▸ **Task brief**:
Print the line that contains "Bricks de leche o zumo", then every line after it until the entries end, exactly as they read; do not include pictures.

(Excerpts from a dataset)
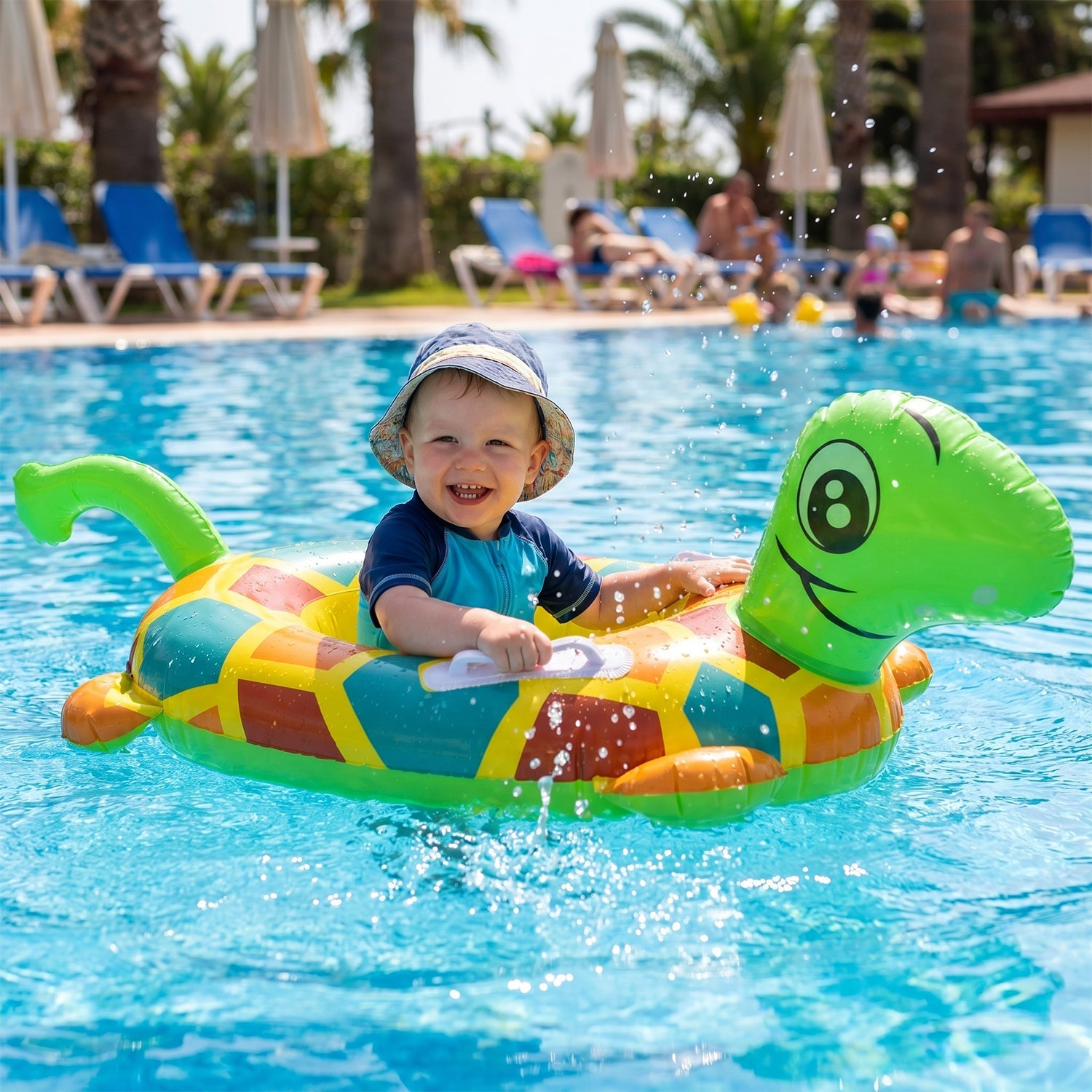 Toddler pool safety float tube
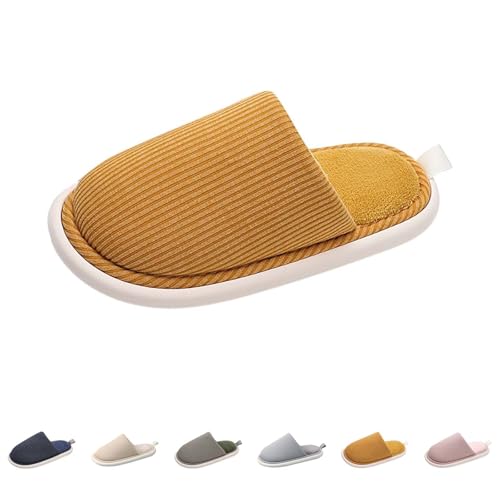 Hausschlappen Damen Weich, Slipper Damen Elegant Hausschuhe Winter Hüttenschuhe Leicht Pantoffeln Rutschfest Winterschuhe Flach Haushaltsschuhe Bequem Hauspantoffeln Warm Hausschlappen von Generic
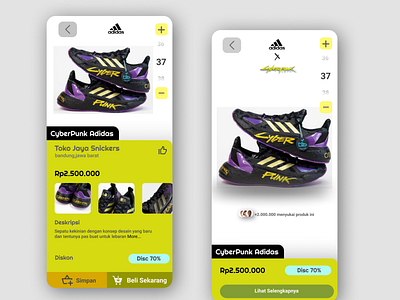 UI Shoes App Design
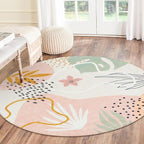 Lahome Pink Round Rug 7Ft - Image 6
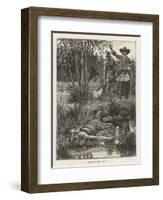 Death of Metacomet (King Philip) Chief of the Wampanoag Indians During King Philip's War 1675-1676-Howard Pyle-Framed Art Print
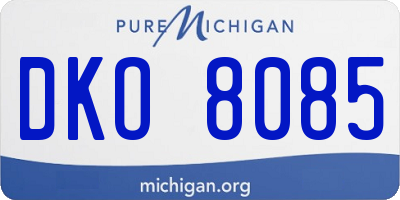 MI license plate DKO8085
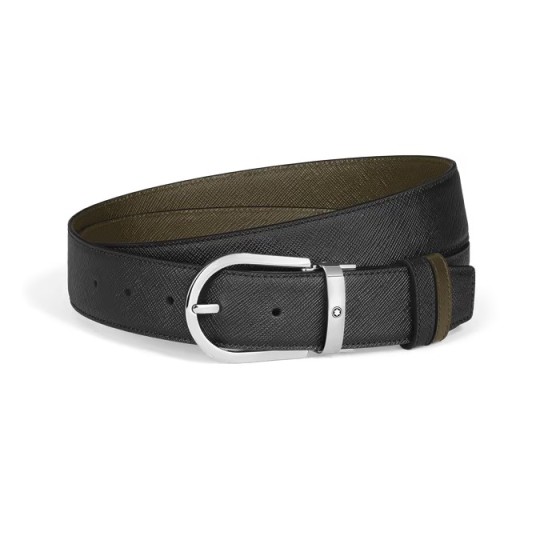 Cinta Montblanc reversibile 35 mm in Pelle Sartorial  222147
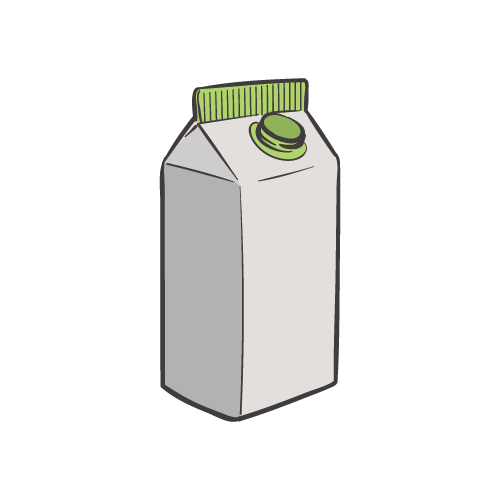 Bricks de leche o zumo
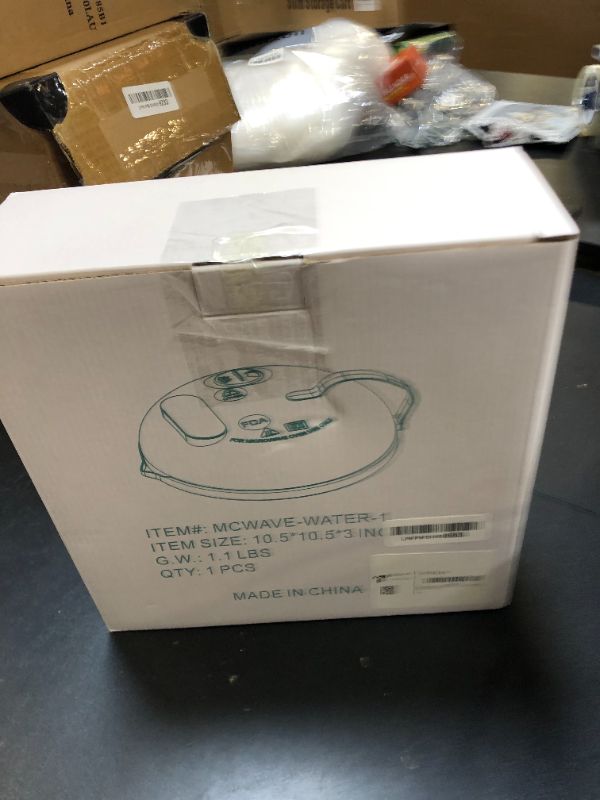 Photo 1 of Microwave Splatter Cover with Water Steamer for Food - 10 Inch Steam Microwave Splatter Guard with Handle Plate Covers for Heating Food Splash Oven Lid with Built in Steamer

▸ **Solution for this exercise**:
 Bricks de leche o zumo
 Photo 1 of Microwave Splatter Cover with Water Steamer for Food - 10 Inch Steam Microwave Splatter Guard with Handle Plate Covers for Heating Food Splash Oven Lid with Built in Steamer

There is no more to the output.